Edgewater & Backcountry Fishing Report: August 2014

edgewater backcountry fishing report

[dropcap]M[/dropcap]angrove Snapper are good to target during August in the Edgewater Backcountry, they have been growing all year and many are getting to keeper size of 10” by late summer and into the fall. They are structure oriented fish, hanging around docks, jetties, any underwater rocks, and drop offs in the backwaters. Shrimp is always a good bait for river mangos, but to target larger fish, go with any type of small live bait fish or cut bait. Bag limit is 5 per person, remember to pinch the tail to measure over all length.

In late summer the numbers of large bull redfish expand from Ponce Inlet southward into the ICW channel at New Smyrna and Edgewater as they prepare to begin their fall spawning in the inlet. A popular technique to target them is drifting the channel edges, riding the tide, slow trolling live pinfish or pigfish which will plane down into the middle and lower water column, or drifting the edges while free lining the bait fish or blue crabs. Best to use heavier 20 to 30 lb test tackle as the prolonged battle using lighter line can’t be good for these large reds which will typically be 25 to 35 lbs or larger, harmful lactic acid builds up in a fish during a very long fight, warm summer water with lower oxygen levels adds to the stress put on the big fish which are our baby redfish makers for the future. Never hold a big fish destined for release vertically by the jaw with a gripper tool for photos, always hold it horizontal for its best chance of healthy survival.

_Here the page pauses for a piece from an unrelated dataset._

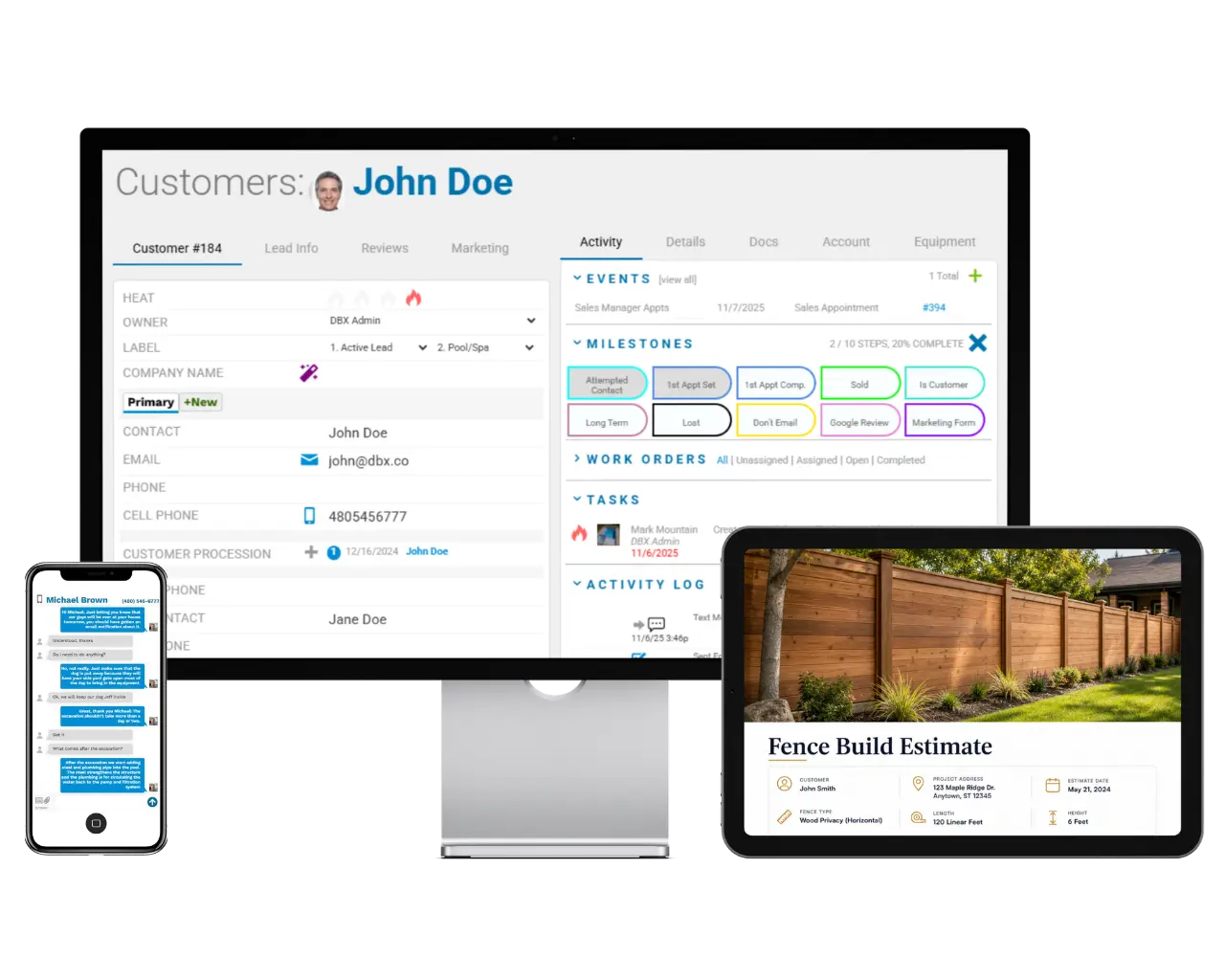 prodbx construction software device mockups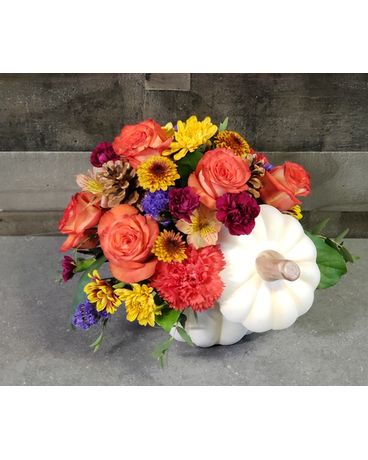 Autumn Pumpkin Flower Arrangement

A great all around bait for the dog days of summer in the backcountry are the very small locally born finger mullet that are found in good numbers now, you will see schools on shallow sand bars early in the morning and cruising shorelines and edges during the day, they have not been in school very long, are not as educated as larger mullet and will just swim along their way making for easy cast netting. A great bait for shallow water redfish and trout, great for targeting those larger mangrove snapper, and are more pinfish resistant than shrimp. Fish them deep during mid day, lip hooked with a small sinker in deep holes and channels with a running current for those game fish on the bottom during the hottest part of the day.

By the end of the month our first sign of fishy fall will arrive with the very first schools of “scout” migrating mullet coming in from the north, signaling the start of the coming fall mullet run and inshore game fish migration. First sign of these mullet is around Ponce Inlet as the baitfish travel the surf line with some entering inside the inlet area. Love the change of seasons with new fishing patterns on the way.